RESTful messaging over RabbitMQ for Ruby microservices.

BugBunny maps AMQP messages to controllers, routes, and models using the same patterns as Rails. Services communicate through RabbitMQ without HTTP coupling, with full support for synchronous RPC and fire-and-forget publishing.


Installation

gem 'bug_bunny'
bundle install
rails generate bug_bunny:install  # Rails only

Quickstart

BugBunny connects two services through RabbitMQ. One service hosts the consumer (server side); the other uses a Resource or Client to call it (client side).

Service B — Consumer

# config/initializers/bug_bunny.rb
BugBunny.configure do |config|
  config.host     = ENV.fetch('RABBITMQ_HOST', 'localhost')
  config.port     = 5672
  config.username = ENV.fetch('RABBITMQ_USER', 'guest')
  config.password = ENV.fetch('RABBITMQ_PASS', 'guest')
end

# config/initializers/bug_bunny_routes.rb
BugBunny.routes.draw do
  resources :nodes
end

# app/controllers/bug_bunny/controllers/nodes_controller.rb
module BugBunny
  module Controllers
    class NodesController < BugBunny::Controller
      def show
        node = Node.find(params[:id])
        render status: :ok, json: node.as_json
      end

      def index
        render status: :ok, json: Node.all.map(&:as_json)
      end
    end
  end
end

# Worker entrypoint (dedicated thread or process)
consumer = BugBunny::Consumer.new
consumer.subscribe(
  queue_name:    'inventory_queue',
  exchange_name: 'inventory',
  routing_key:   'nodes'
)

Service A — Producer

# config/initializers/bug_bunny.rb — same connection config as above

# Pool shared across threads (Puma / Sidekiq)
BUG_BUNNY_POOL = ConnectionPool.new(size: 5, timeout: 5) do
  BugBunny.create_connection
end

class RemoteNode < BugBunny::Resource
  self.exchange      = 'inventory'
  self.resource_name = 'nodes'

  attribute :name,   :string
  attribute :status, :string
end

RemoteNode.connection_pool = BUG_BUNNY_POOL

# Use it like ActiveRecord
node = RemoteNode.find('node-123')   # GET nodes/node-123 via RabbitMQ
node.status = 'active'
node.save                            # PUT nodes/node-123

RemoteNode.where(status: 'active')  # GET nodes?status=active
RemoteNode.create(name: 'web-01', status: 'pending')

Modes of Use

Resource ORM — ActiveRecord-like model for a remote service. Handles CRUD, validations, change tracking, and typed or dynamic attributes. Best when you own both sides of the communication.

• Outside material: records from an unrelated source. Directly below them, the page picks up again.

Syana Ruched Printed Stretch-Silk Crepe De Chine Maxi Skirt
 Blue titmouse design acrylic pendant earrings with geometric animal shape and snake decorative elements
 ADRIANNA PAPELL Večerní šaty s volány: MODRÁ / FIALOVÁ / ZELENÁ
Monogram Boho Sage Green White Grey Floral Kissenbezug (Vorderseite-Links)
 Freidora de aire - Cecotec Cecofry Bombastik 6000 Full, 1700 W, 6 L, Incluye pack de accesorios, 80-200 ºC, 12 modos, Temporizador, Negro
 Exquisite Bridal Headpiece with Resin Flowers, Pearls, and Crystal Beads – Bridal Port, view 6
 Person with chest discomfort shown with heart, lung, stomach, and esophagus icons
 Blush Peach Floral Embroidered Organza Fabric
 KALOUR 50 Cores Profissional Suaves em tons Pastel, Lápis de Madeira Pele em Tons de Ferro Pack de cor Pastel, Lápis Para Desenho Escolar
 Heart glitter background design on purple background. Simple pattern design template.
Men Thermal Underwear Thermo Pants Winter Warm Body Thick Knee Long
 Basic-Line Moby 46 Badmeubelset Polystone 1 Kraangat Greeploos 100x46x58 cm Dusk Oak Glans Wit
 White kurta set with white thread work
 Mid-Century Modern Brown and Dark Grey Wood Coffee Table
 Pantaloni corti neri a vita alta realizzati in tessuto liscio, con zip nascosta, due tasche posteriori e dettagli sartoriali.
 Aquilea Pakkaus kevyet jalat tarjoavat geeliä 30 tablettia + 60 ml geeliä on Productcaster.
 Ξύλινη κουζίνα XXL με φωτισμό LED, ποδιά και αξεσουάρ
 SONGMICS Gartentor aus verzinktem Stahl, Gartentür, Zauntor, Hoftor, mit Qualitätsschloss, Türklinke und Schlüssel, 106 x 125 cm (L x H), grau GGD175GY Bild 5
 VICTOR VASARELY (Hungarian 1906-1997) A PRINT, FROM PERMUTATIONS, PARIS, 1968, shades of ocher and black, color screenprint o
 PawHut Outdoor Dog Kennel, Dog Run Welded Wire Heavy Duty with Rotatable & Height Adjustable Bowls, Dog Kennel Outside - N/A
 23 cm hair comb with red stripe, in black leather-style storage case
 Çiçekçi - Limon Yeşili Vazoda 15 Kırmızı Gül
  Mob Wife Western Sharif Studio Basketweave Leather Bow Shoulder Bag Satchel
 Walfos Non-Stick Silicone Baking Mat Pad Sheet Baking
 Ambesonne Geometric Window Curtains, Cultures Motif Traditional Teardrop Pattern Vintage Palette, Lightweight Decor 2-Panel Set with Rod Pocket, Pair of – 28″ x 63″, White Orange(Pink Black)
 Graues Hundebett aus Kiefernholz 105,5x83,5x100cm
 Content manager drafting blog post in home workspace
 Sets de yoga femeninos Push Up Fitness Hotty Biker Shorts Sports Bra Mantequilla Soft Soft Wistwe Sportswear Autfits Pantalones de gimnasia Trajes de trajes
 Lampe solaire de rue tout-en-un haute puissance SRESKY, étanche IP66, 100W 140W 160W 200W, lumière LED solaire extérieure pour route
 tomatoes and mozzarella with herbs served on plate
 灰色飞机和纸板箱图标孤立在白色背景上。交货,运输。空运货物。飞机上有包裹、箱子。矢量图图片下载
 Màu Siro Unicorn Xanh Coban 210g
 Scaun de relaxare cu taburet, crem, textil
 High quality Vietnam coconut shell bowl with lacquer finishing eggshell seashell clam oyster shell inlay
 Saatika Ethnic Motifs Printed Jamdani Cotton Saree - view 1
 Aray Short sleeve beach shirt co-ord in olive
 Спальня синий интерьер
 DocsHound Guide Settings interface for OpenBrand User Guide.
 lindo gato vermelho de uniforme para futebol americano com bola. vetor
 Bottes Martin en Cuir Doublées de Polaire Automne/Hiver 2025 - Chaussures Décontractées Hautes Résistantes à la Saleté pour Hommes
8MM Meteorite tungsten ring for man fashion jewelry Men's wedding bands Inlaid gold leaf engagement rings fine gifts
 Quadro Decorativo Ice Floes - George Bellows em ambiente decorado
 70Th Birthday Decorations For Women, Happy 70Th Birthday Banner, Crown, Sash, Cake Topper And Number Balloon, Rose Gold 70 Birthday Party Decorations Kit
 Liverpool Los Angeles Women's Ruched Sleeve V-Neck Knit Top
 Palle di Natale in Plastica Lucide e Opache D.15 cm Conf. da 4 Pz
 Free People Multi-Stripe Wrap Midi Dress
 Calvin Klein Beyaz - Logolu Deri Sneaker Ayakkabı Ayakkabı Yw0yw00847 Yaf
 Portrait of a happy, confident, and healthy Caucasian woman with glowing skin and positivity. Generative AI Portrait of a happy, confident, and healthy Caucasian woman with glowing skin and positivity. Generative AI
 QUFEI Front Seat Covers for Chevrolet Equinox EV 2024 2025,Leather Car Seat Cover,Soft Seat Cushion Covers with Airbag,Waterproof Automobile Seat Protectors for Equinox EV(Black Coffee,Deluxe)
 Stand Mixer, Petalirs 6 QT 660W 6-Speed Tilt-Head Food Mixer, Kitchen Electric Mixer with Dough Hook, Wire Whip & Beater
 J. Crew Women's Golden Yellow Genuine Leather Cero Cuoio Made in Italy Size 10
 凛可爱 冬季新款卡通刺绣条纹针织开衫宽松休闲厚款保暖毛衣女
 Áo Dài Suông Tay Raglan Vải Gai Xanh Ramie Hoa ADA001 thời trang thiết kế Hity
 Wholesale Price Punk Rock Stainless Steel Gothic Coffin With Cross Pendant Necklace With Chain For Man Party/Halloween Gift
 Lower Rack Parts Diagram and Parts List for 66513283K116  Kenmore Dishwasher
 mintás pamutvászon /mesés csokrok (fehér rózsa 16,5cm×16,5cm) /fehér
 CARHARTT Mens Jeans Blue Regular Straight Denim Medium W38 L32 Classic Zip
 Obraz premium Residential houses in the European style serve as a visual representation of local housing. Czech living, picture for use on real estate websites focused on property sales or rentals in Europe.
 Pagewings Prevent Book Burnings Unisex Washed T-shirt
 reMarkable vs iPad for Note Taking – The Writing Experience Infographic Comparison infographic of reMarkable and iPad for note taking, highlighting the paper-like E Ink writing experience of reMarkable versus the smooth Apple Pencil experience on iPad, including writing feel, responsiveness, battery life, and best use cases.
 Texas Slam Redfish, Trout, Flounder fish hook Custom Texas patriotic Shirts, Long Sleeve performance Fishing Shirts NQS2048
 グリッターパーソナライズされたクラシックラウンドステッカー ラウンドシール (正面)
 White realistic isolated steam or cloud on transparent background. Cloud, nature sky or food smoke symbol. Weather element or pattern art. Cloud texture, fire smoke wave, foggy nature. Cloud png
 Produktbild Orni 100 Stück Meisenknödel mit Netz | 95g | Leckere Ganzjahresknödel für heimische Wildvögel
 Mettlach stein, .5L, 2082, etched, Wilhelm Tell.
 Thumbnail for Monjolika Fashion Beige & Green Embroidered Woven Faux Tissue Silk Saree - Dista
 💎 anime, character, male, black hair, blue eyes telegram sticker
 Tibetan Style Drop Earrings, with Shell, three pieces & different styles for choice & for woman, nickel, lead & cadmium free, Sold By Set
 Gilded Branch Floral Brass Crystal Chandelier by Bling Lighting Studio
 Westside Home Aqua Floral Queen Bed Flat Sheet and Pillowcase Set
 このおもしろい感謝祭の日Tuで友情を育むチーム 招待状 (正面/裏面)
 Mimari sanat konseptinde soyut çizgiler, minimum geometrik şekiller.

Direct ClientBugBunny::Client for explicit RPC or fire-and-forget calls with full middleware control. Best when calling external services or when you need precise control over the request.

Consumer — Subscribe loop that routes incoming messages to controllers, with a middleware stack for cross-cutting concerns (tracing, auth, auditing).


Configuration

BugBunny.configure do |config|
  # Connection — required
  config.host     = 'localhost'
  config.port     = 5672
  config.username = 'guest'
  config.password = 'guest'
  config.vhost    = '/'

  # Resilience
  config.max_reconnect_attempts    = 10    # nil = infinite
  config.max_reconnect_interval    = 60    # seconds, ceiling for backoff
  config.network_recovery_interval = 5     # seconds, base for exponential backoff

  # Timeouts
  config.rpc_timeout         = 30   # seconds, for synchronous RPC calls
  config.connection_timeout  = 10
  config.read_timeout        = 10
  config.write_timeout       = 10

  # AMQP defaults applied to all exchanges and queues
  config.exchange_options = { durable: true }
  config.queue_options    = { durable: true }

  # Controller namespace (default: 'BugBunny::Controllers')
  config.controller_namespace = 'MyApp::RabbitHandlers'

  # Logger — any object responding to debug/info/warn/error
  config.logger = Rails.logger

  # Health check file for Kubernetes / Docker Swarm liveness probes
  config.health_check_file = '/tmp/bug_bunny_health'
end

BugBunny.configure validates all required fields on exit. A missing or invalid value raises BugBunny::ConfigurationError immediately, before any connection attempt.


Routing DSL

BugBunny.routes.draw do
  resources :users                    # GET/POST users, GET/PUT/DELETE users/:id
  resources :orders, only: [:index, :show, :create]

  resources :nodes do
    member   { put :drain }           # PUT nodes/:id/drain
    collection { post :rebalance }    # POST nodes/rebalance
  end

  namespace :api do
    namespace :v1 do
      resources :metrics              # Routes to Api::V1::MetricsController
    end
  end

  get  'status',     to: 'health#show'
  post 'events/:id', to: 'events#track'
end

Direct Client

pool   = ConnectionPool.new(size: 5, timeout: 5) { BugBunny.create_connection }
client = BugBunny::Client.new(pool: pool) do |stack|
  stack.use BugBunny::Middleware::RaiseError
  stack.use BugBunny::Middleware::JsonResponse
end

# Synchronous RPC
response = client.request('users/42', method: :get)
response['body']  # => { 'id' => 42, 'name' => 'Alice' }

# Fire-and-forget
client.publish('events', body: { type: 'user.signed_in', user_id: 42 })

# With params
client.request('users', method: :get, params: { role: 'admin', page: 2 })

Consumer Middleware

Middlewares run before every message reaches the router. Use them for distributed tracing, authentication, or audit logging.

class TracingMiddleware < BugBunny::ConsumerMiddleware::Base
  def call(delivery_info, properties, body)
    trace_id = properties.headers&.dig('X-Trace-Id')
    MyTracer.with_trace(trace_id) { @app.call(delivery_info, properties, body) }
  end
end

BugBunny.consumer_middlewares.use TracingMiddleware

Observability

BugBunny implementa de forma nativa las OpenTelemetry semantic conventions for messaging, inyectando automáticamente campos como messaging_system, messaging_operation, messaging_destination_name y messaging_message_id tanto en los headers AMQP como en los log events estructurados.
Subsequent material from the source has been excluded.